How do we process grief in healthy ways? Rituals are a very important part of the process. Things like:

• Funerals; you might be surprised how many people will not have a service of any kind for their loved one.
• a prayer service or mass to remember the anniversary or birthday of a loved one
• telling stories at holiday events
• journaling and sharing our dreams about our loved ones.
• Simply talking about the dead, helps the grieving process. It many ways, it keeps them alive.

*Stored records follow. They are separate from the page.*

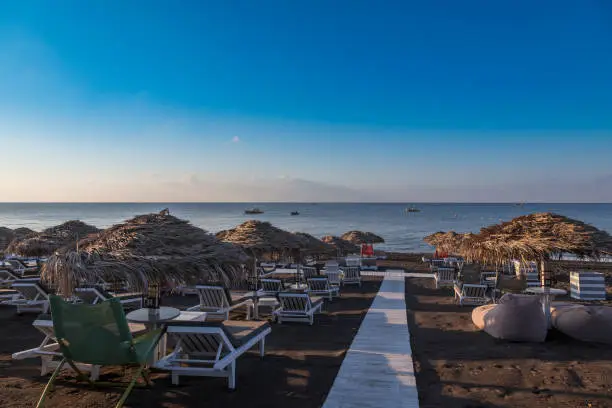 Photo of Perivolos beach on Santorini island in Greece at sunrise. The background is a blue sky with white clouds.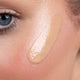 Close-up of bronzing drops applied to skin.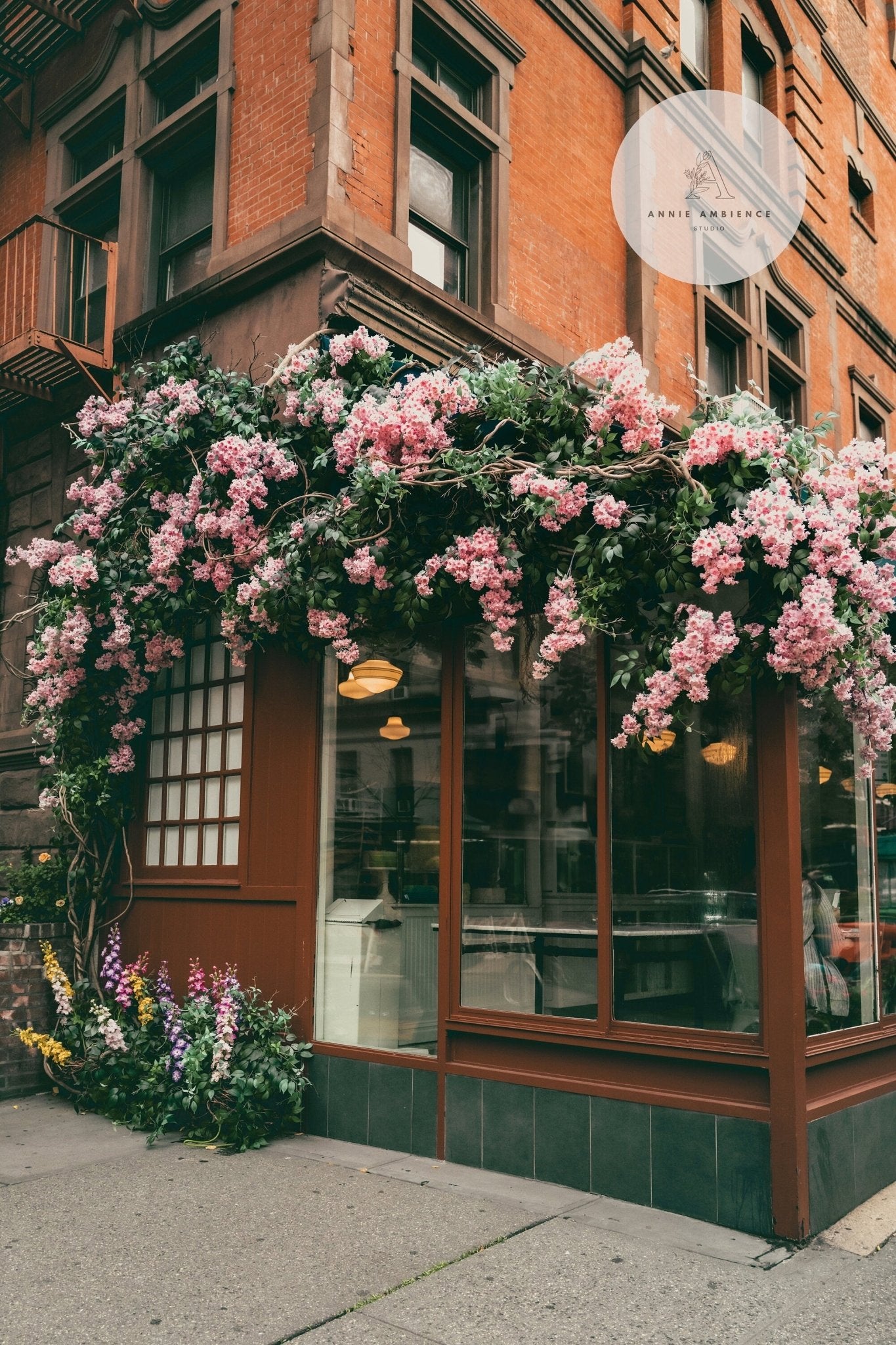 Brick building featuring Floral Cafes large pink flower arrangement above a window display.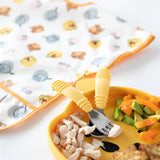 Close-up of Bumkins Spoon + Fork: Pineapple on a yellow plate with chicken, avocado & veggies near a colorful bib on a white background.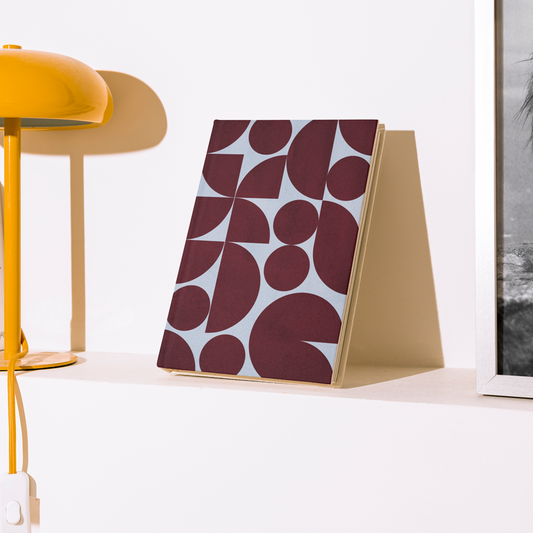 Yellow lamp and decorative items on a shelf against a white wall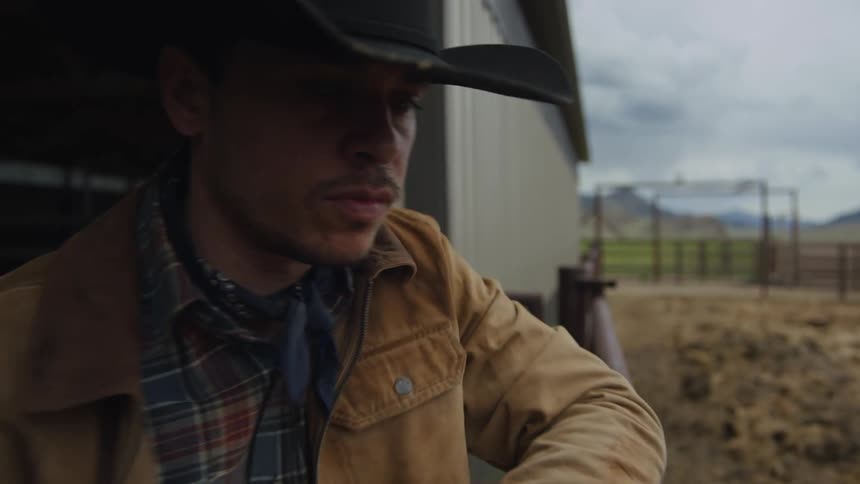 Cowboy in a barn next to animals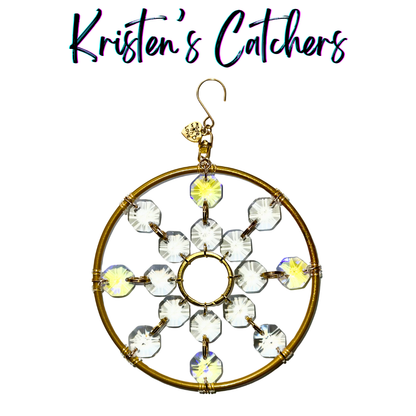 Ornamental snowflake sun catcher with gold and violet aurora borealis accents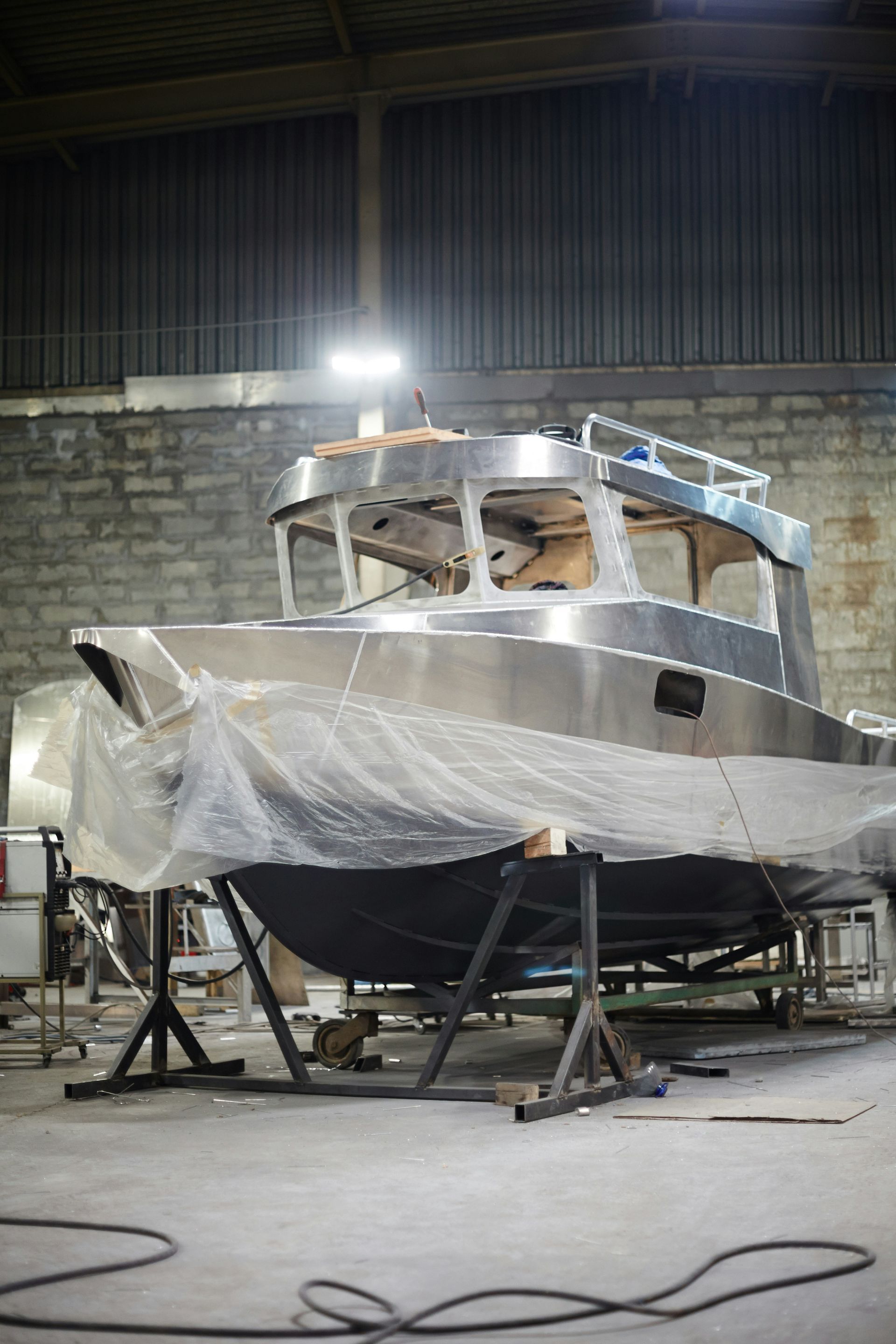 A stainless steel boat is being built in a warehouse.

These rituals help us process our grief. They also can assist in connecting with dead. When the dead speak, we must listen. The ancient ones, the wise ones, the wounded ones offer the lament of the dead. The dead want to share their wisdom if we have ears to hear. Can all the living hear the dead? I don’t know, but I hope so. But for those who do have ears to hear, the dead speak through holy texts, through history, as well as in some very mystical ways. Moses and Elijah spoke to Jesus in a misty mountain top. If Jesus could hear the dead, we can too. But, for those who for some reason cannot hear their love ones speak, the pain can be severe.

Here is a four-step grief process; no matter how fresh or how old the loss; no matter whether it’s a personal loss or a communal loss, no matter whether you can hear the dead or not:

1. Pray for God to give you the strength to name your loss. This may be the hardest thing to do. You must name what it is that you have lost; what it is
that is causing you so much pain. You must be honest with yourself. Dig deep to find the answer. Sometimes the obvious is not the answer.
2. Pray for God to clearly reveal to you what you have not honestly confronted in your loss: anger, resentment, bitterness, abandonment, fear, emptiness,
whatever you’re feeling.
3. Pray for God to allow you to find a safe place to process those feelings of loss. Maybe you need a spiritual director to talk to. Maybe you need to
journal your feelings. Whatever it is, you must be able to express your feelings in a safe, but open way.
4. Pray for God to reveal to you, ways you can ritualize your loss. One of them is our service this morning. By placing the names of those you have lost on
this altar, you are publicly recognizing your loss, the pain, and your willingness to continue the active process of grieving.

We might imagine that personal grief and corporate grief are unrelated. But that’s not the case. Corporate grief will trigger personal grief. All of these rituals help us process our personal grief and they will also help us process our congregational grief. Everyone one of these steps is necessary. Otherwise, the grief will never be processed. And, if the it’s not, unfortunately, somewhere, sometime, the grief will rear its head—and most likely we will repeat our personal and congregational history.